Not long ago, my Volvo stalled in the middle of a busy intersection (my Volvo with 253,000 miles). I sat there trying to start the engine while people honked and cussed. Right as my panic reached mile high proportions, two men in their 60's jumped out of their cars and pushed me to safety.
All day long, some of the more colorful expletives played in my head. I could vividly recall the angry drivers' facial expressions. Altogeth I could argue this unfortunate event wasn't my fault, I nevertheless felt ashamed.
As my day came to a close, it dawned on me that I had been dwelling on the negative reactions of others all day long. Not once had I stopped to think about the two men who helped push me off the road. The two men, who I might add, left their 1965 Mustang and 2004 BMW with the keys still in the ignition at the stop sign while they gave me a push.
Why is it that I tend to remember the negative over the positive? The worst over the best? Why is shame stronger than gratefulness?
When I was in college, I was reading through the book of Ezekiel and was overwhelmed with how often the phrase, "But they forgot me" was used.
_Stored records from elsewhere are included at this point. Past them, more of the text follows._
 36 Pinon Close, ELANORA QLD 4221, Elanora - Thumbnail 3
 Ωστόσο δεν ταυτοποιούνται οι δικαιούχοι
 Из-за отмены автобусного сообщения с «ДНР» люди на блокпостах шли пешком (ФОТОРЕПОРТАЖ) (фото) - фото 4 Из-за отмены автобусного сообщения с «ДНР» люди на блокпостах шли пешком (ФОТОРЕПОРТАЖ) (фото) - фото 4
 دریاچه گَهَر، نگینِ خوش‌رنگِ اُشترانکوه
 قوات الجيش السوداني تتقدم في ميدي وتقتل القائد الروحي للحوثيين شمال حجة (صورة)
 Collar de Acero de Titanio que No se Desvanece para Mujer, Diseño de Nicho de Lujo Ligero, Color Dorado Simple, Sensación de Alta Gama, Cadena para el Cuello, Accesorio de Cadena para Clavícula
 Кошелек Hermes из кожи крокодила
That seems to have been the most troubling aspect of these people...that they forgot God.
I'd like my memory to be a bit more selective. I want to remember the graces of God before recalling my personal injustices.
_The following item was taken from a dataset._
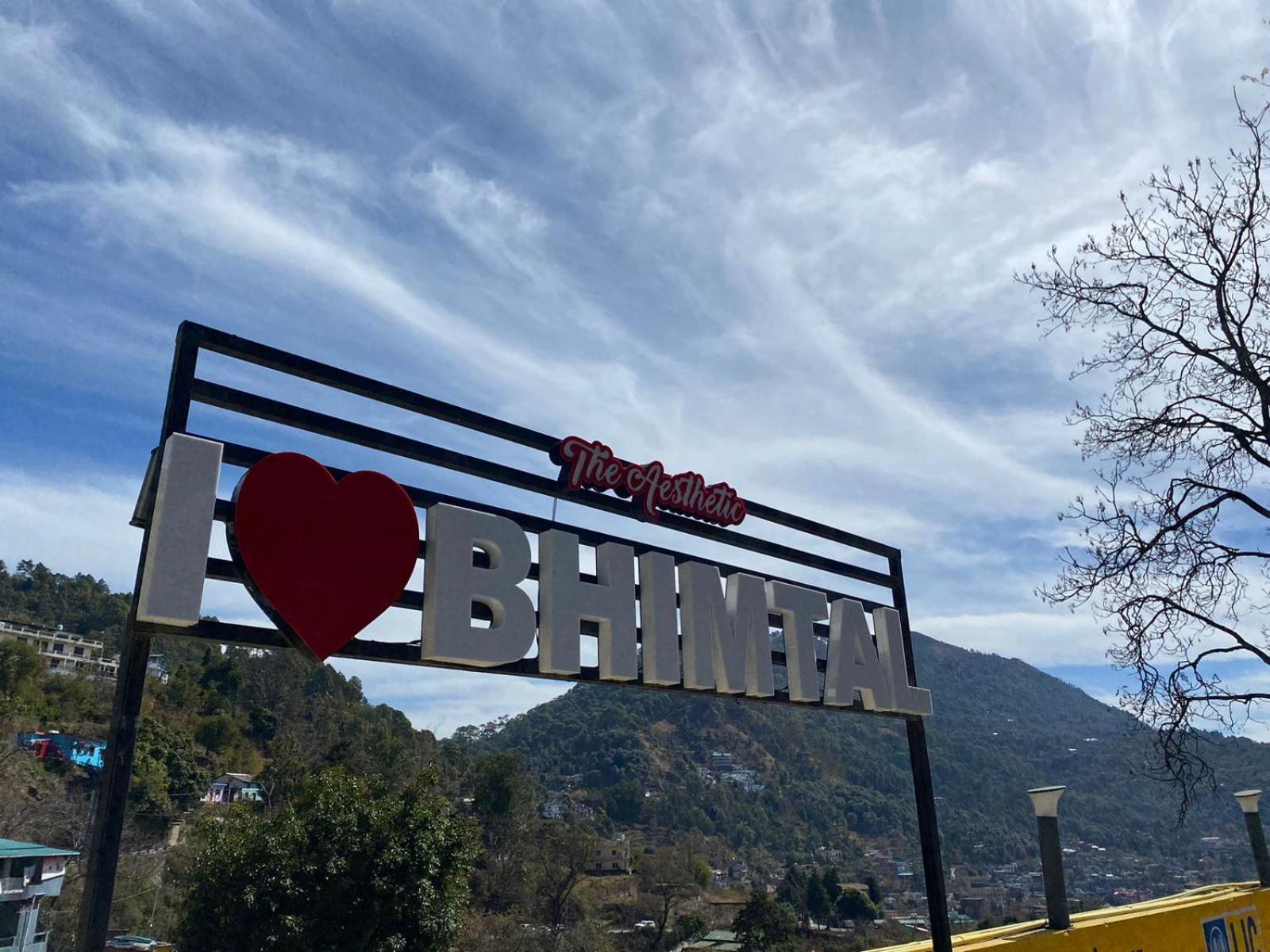 The Aesthetic Hotel & Restaurant Bhīm Tāl Kültér fotó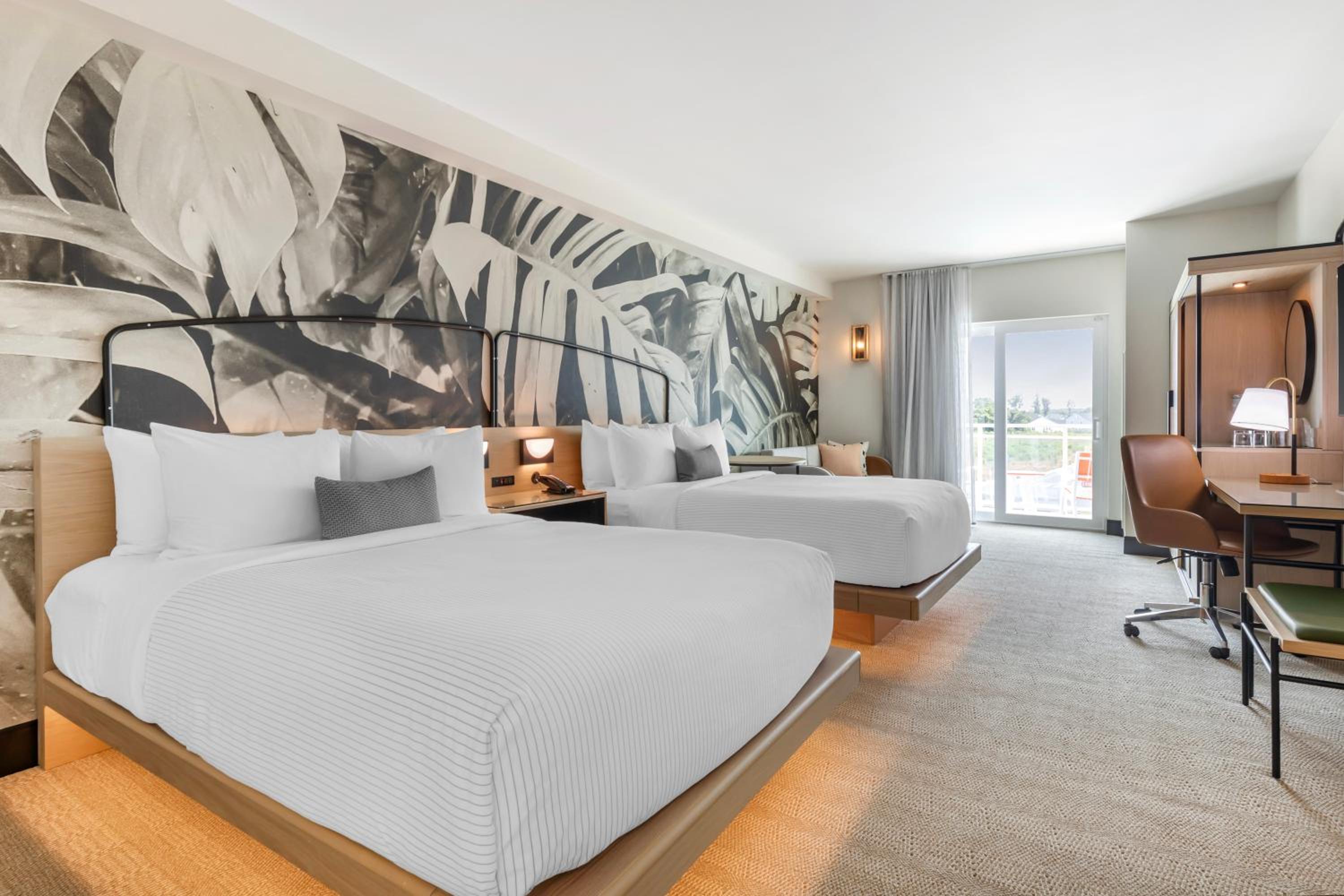 Superior Two Queen Beds and Pool View - Non Smoking - With Balcony - Disability Access - Photo 6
I love God's response in the book of Hosea when Israel forgets about him:
"'She decked herself with rings and jewelry and went after her lovers, but me she forgot,' declares the Lord. 'Therefore I am now going to allure her; I will lead her into the desert and speak tenderly to her. There I will give her back her vineyards, and will make the Valley of Achor a door of hope.'"
Just when I think Israel is going to get zapped for her forgetfulness, God responds with words designed to allure. There's a sermon in there somewhere...in fact, I think I'm gonna go write it.